Par une requête, enregistrée le 21 mai 2021, M. B..., représenté par Me Masson, demande à la cour :
1°) de l'admettre au bénéfice de l'aide juridictionnelle provisoire ;
2°) d'annuler ce jugement du 22 avril 2021 du tribunal administratif de Poitiers ;
3°) d'annuler l'arrêté du 16 novembre 2020 par lequel la préfète de la Vienne a refusé de lui délivrer un titre de séjour, lui a fait obligation de quitter le territoire français dans un délai de trente jours et a fixé le pays de destination;
4°) d'enjoindre à la préfète de la Vienne, à titre principal, de lui délivrer une carte de séjour temporaire d'une durée d'un an dans le délai d'un mois à compter de la notification de l'arrêt à intervenir, sous astreinte de 100 euros par jour de retard et, à titre subsidiaire, de lui délivrer une autorisation provisoire de séjour avec autorisation de travail dans le délai de quinze jours à compter de la notification de l'arrêt à intervenir, sous astreinte de 100 euros par jour de retard, jusqu'à ce que l'autorité administrative ait statué sur sa situation administrative ;
5°) d'enjoindre à la préfète de la Vienne de réexaminer sa situation dans le délai d'un mois à compter de la notification de l'arrêt à intervenir, sous astreinte de 100 euros par jour de retard ;
6°) de mettre à la charge de l'État la somme de 1 500 euros qui devra être versée à son conseil en application de l'article L. 761-1 du code de justice administrative et des articles 35 et 37 de la loi du 10 juillet 1991 relative à l'aide juridique, ou à titre subsidiaire, dans l'hypothèse où le bénéfice de l'aide juridictionnelle ne lui serait pas accordée, de mettre à la charge de l'État la somme de 1 500 euros sur le fondement de l'article L. 761-1 du code de justice administrative.
Il soutient que :
- l'arrêté litigieux a été signé par une autorité incompétente ;
- la décision portant refus de titre de séjour est insuffisamment motivée au regard des dispositions de l'article L. 211-5 du code des relations entre le public et l'administration ;
- cette décision est entachée d'un défaut d'examen personnel et approfondi de sa situation personnelle ;
- l'arrêté est entaché d'une erreur de droit, la préfète s'étant estimée liée par le jugement du tribunal pour enfants du 12 mars 2018 ;
- elle méconnaît les dispositions de l'article L. 313-7 du code de l'entrée et du séjour des étrangers et du droit d'asile ;
- elle méconnaît les dispositions du 7° de l'article L. 313-11 du code de l'entrée et du séjour des étrangers et du droit d'asile et les stipulations de l'article 8 de la convention européenne de sauvegarde des droits de l'homme et des libertés fondamentales ;
- la décision portant obligation de quitter le territoire français est illégale en raison de l'illégalité de la décision portant refus de titre de séjour ;
- cette décision méconnaît les stipulations de l'article 8 de la convention européenne de sauvegarde des droits de l'homme et des libertés fondamentales ;
- la décision portant fixation du pays de destination est insuffisamment motivée ;
- cette décision méconnaît les stipulations de l'article 3 de la convention européenne de sauvegarde des droits de l'homme et des libertés fondamentales.

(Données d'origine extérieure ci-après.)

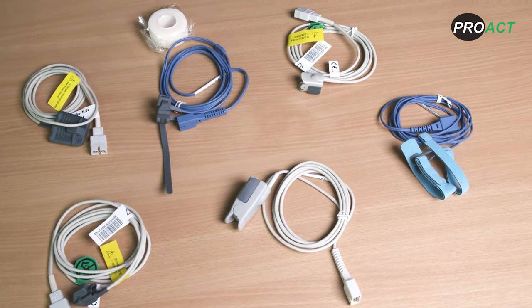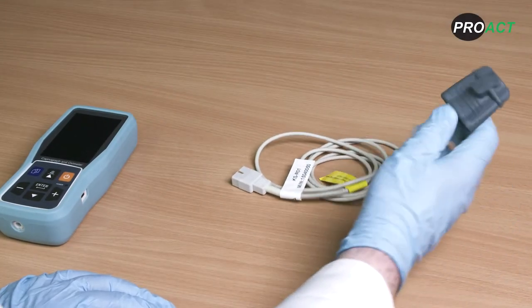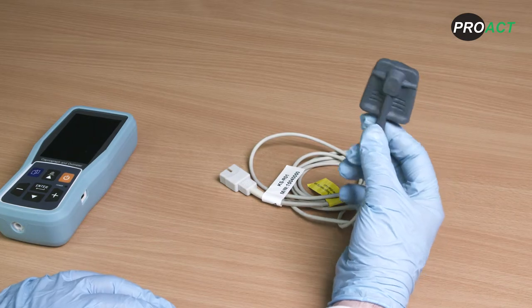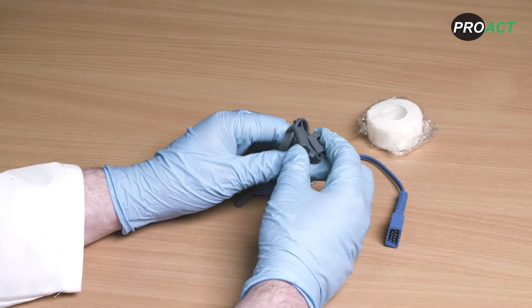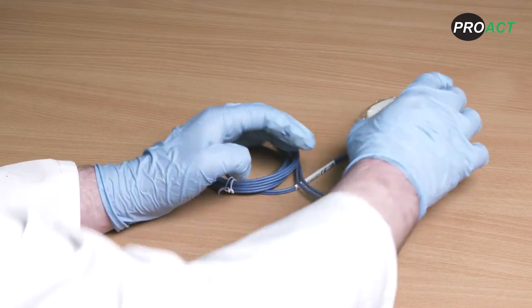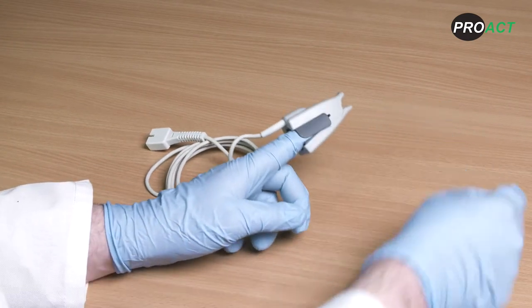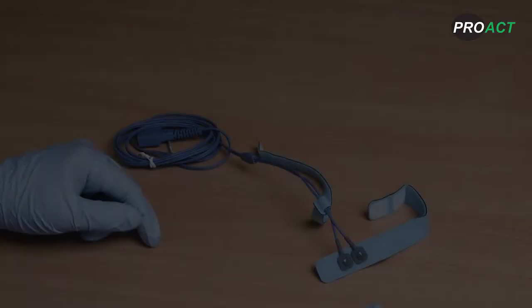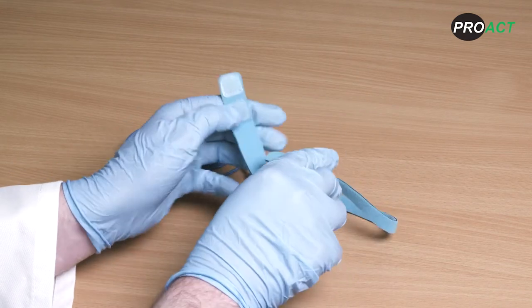There are a wide range of Creative SpO2 sensors compatible with the PC900B. These include the large silicone sensor offering an easy-to-clean, robust and comfortable option; the paediatric silicone sensor; the silicone wrap sensor that can be used on fingers or neonates and attached to the side of the foot with securing tape; the adult finger clip sensor; a paediatric sensor; and a velcro wrap sensor which can be used on fingers, the side of the foot, or on toes.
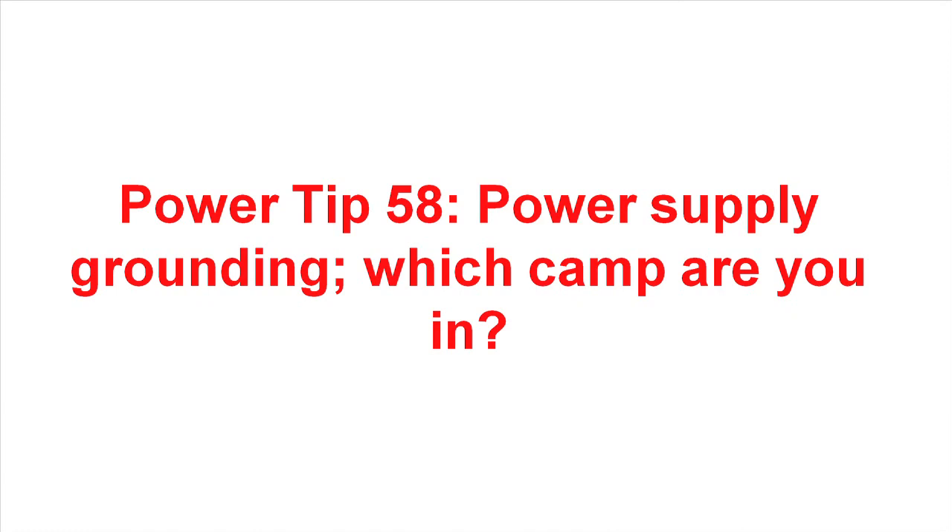If you really want to start a rousing discussion with some of your colleagues, you might ask them how they ground their power supply. There are several different approaches to the grounding of the power supply, and everybody has his own opinion about it. But most people have found a method that works for them, and they stick with it, and they swear by it, and they're afraid to change their approach. So which camp are you in?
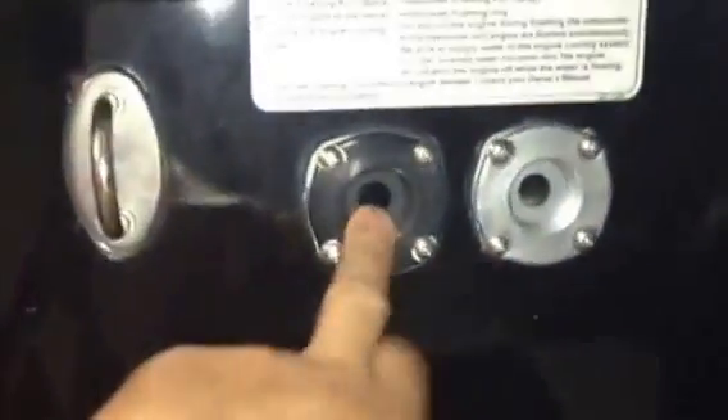Here's your engine flush here, the black one. This is really easy to trace. This is the hose right here. Comes from the transom, the back of the transom. I've traced it up. That's your engine flush hose right there.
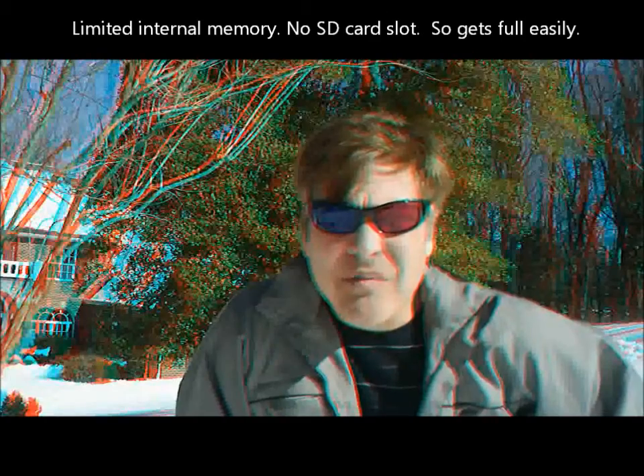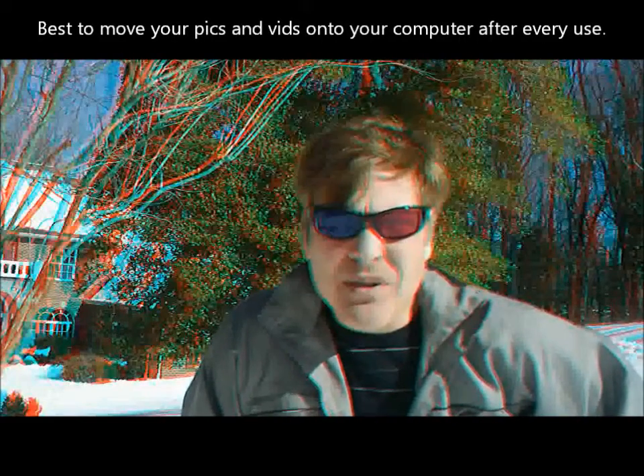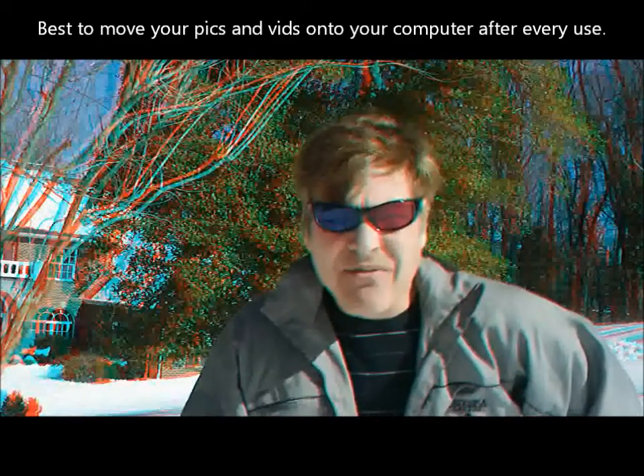One of the things I found that I don't like about the Bloggy camera is the software that comes with it — it doesn't do much for you. It would upload to YouTube, but it would fail on Facebook, and it wouldn't let me export the videos or photos into any kind of format I could use.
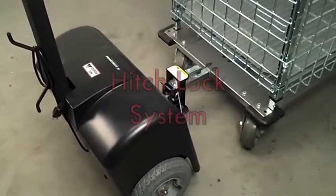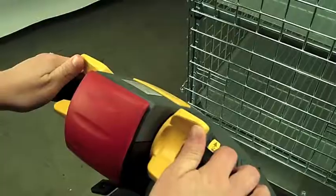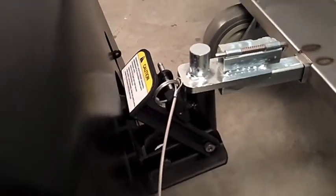Lakeside's Power Tug now features the new hitch lock system to ensure that hitches remain securely mounted to the tug coupling when towing uphill or over bumps. Simply position the tug coupling under the male hitch pin to capture the pin and raise the cart as desired.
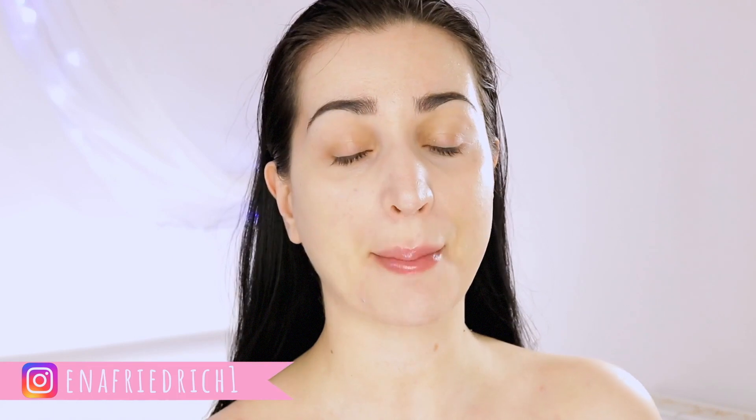Hey guys, welcome back! My name is Anna Friedrich and on this channel I usually start my tutorials with my bare face and I end up looking something like this. This is the clip from my latest video and this one has to be one of my favorites. Today I'm transitioning back to a dramatic grungy type of look, and this is the look I'm going to create.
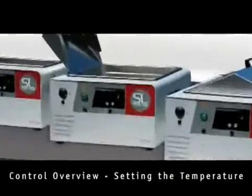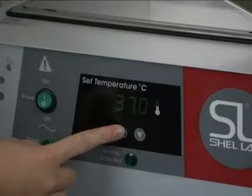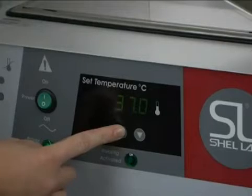To set the temperature of your Shell Lab bath, press the up or down arrow once. You will see SP flash on the display, indicating that you can change the set point.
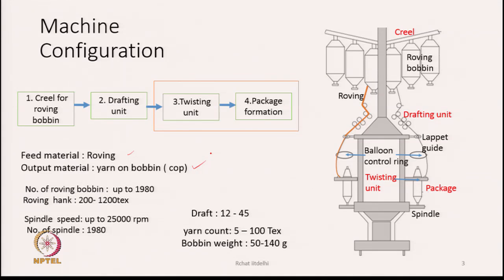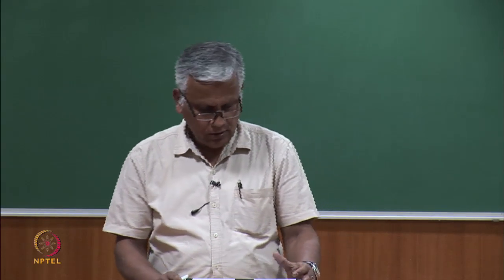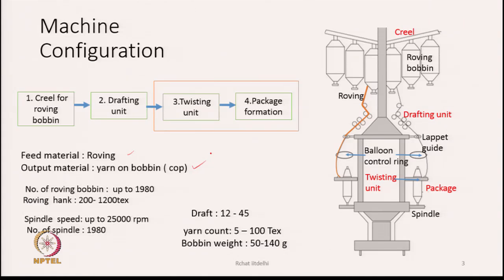The number of roving bobbins the creel can accommodate can go up to almost two thousand, meaning two thousand spindles — two thousand production positions. The machine works on both sides, so if there are 1980 spindles, half will be on one side and the other half on the other side.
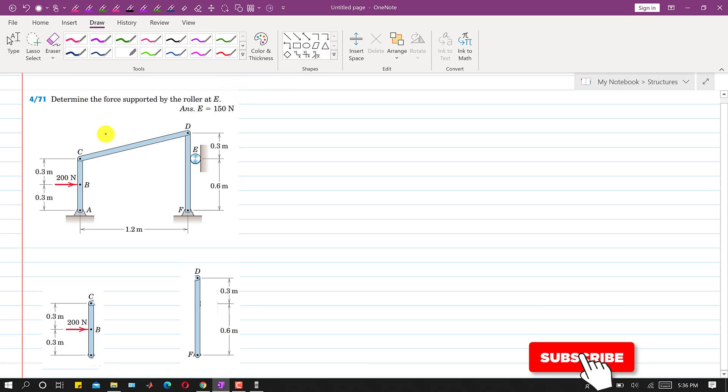Hello students, welcome to my channel Engineers Academy. Let's solve this problem. In this problem we are required to determine the force supported by the roller at E. So here we have the roller at point E, and we are required to determine the force supported by this roller at E.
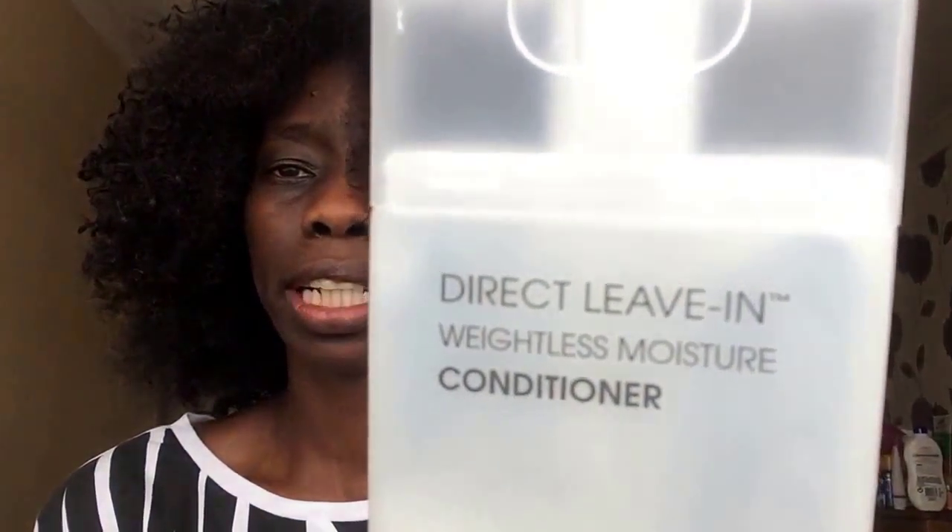There is currently no product at all in my hair. What I normally do before I start my box braids is go in with a leave-in conditioner. As you guys know, my favorite leave-in conditioner is the Giovanni Direct Leave-In Weightless Moisture — that's the conditioner I will be using today.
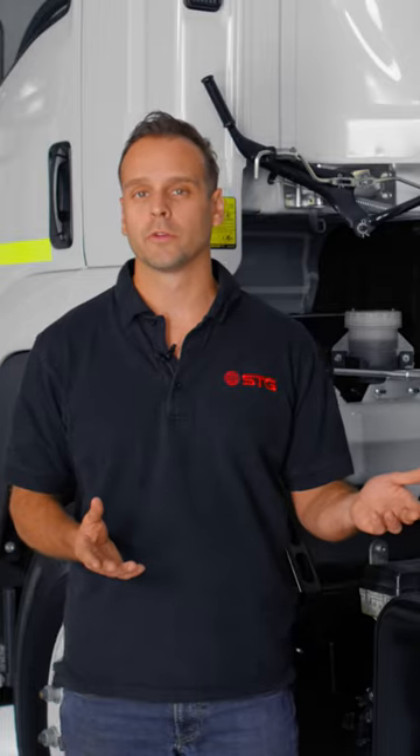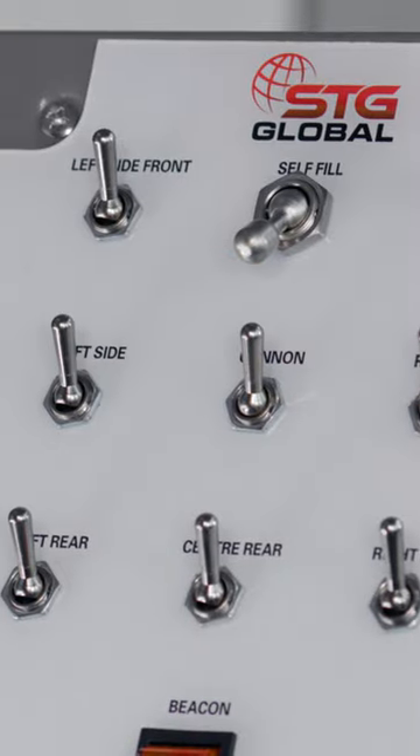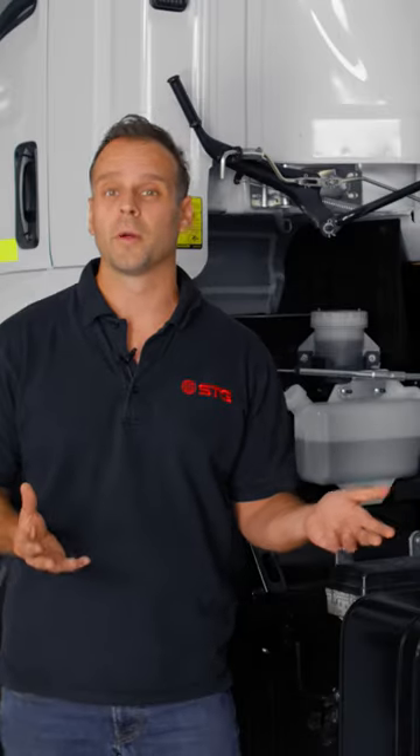As you may have noticed in the middle of the control box, there was a switch called self-fill. I want to explain what that switch does.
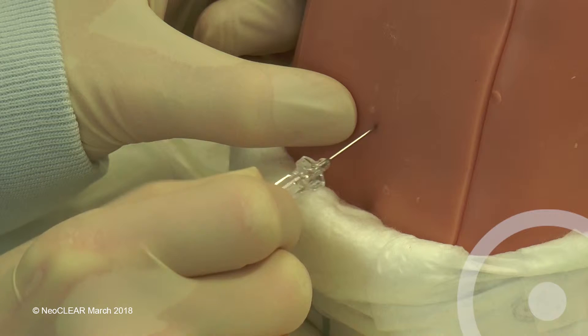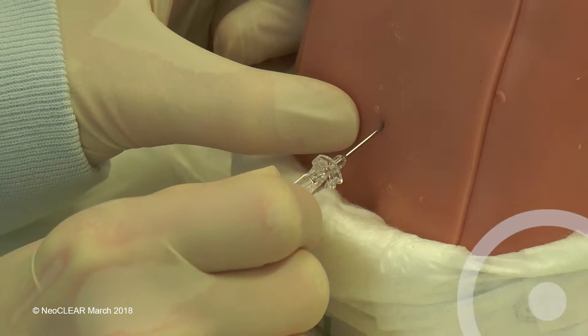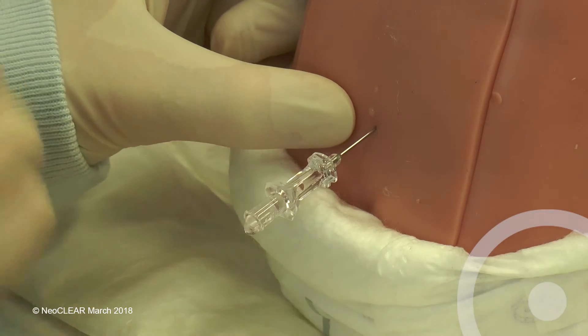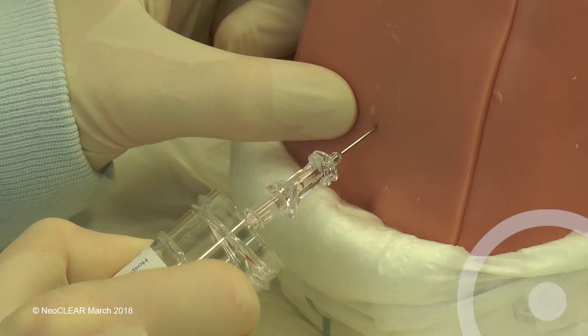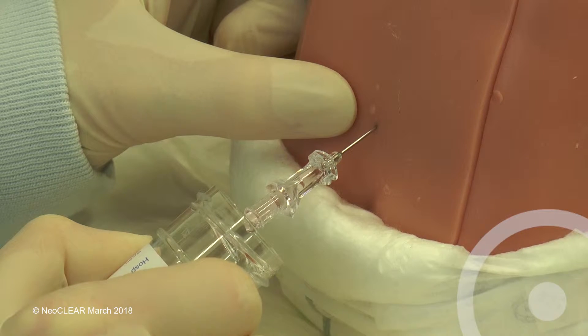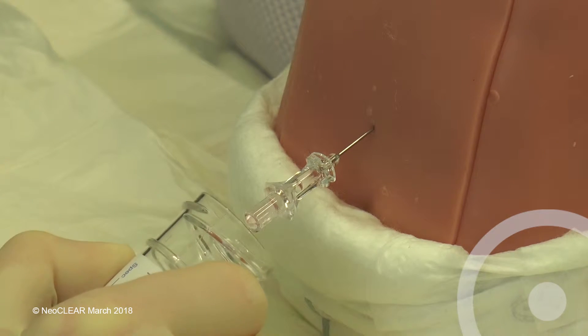If CSF is not flowing, consider rotating the needle to face the bevel towards the head, massaging the fontanelle, or slowly advance or withdraw the needle depending upon the position. Aim to collect into each sterile pot five drops in a preterm baby and eight drops in a term baby.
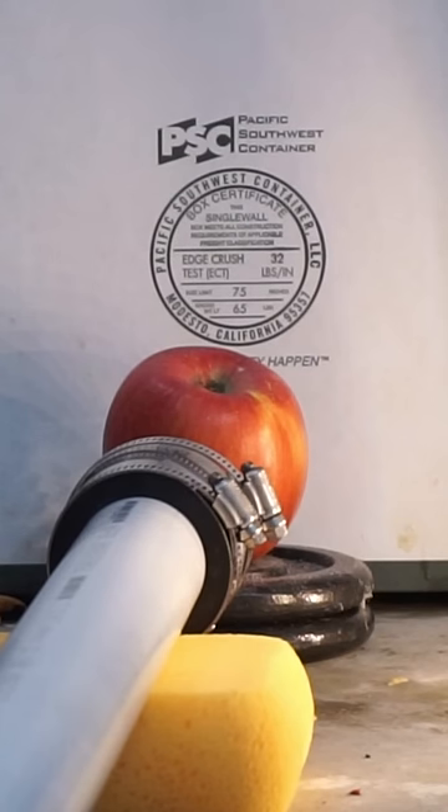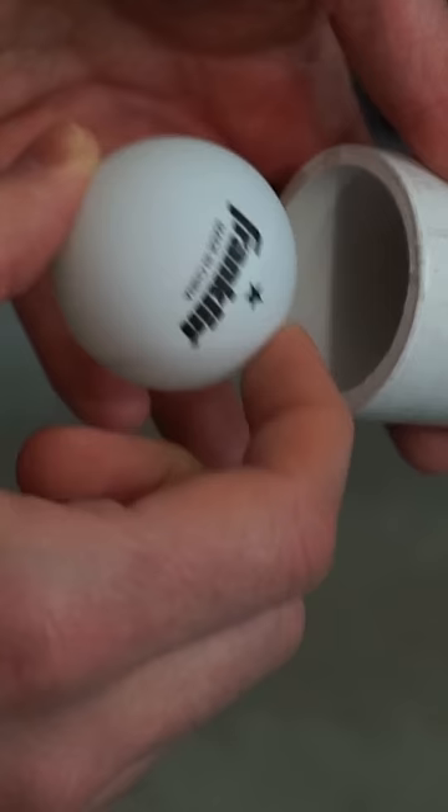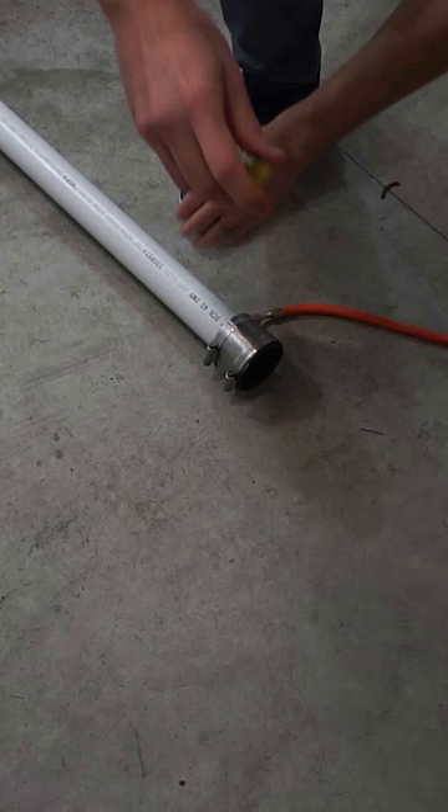It's really easy to make a ping pong ball that goes about the speed of sound. I made this contraption from a PVC pipe and some mylar balloons. You just put the mylar on either end of the PVC pipe, then put a ping pong ball at one end, and use a vacuum pump to suck out the air from the pipe.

Un mémoire présenté par la préfète de la Vienne a été enregistré le 4 novembre 2021, postérieurement à la clôture automatique d'instruction.
Vu les autres pièces du dossier.
Vu :
- la convention européenne de sauvegarde des droits de l'homme et des libertés fondamentales ;
- le code civil ;
- le code des relations entre le public et l'administration ;
- le code de l'entrée et du séjour des étrangers et du droit d'asile ;
- la loi n° 91-647 du 10 juillet 1991 ;
- le code de justice administrative.
Le président de la formation de jugement a dispensé la rapporteure publique, sur sa proposition, de prononcer des conclusions à l'audience.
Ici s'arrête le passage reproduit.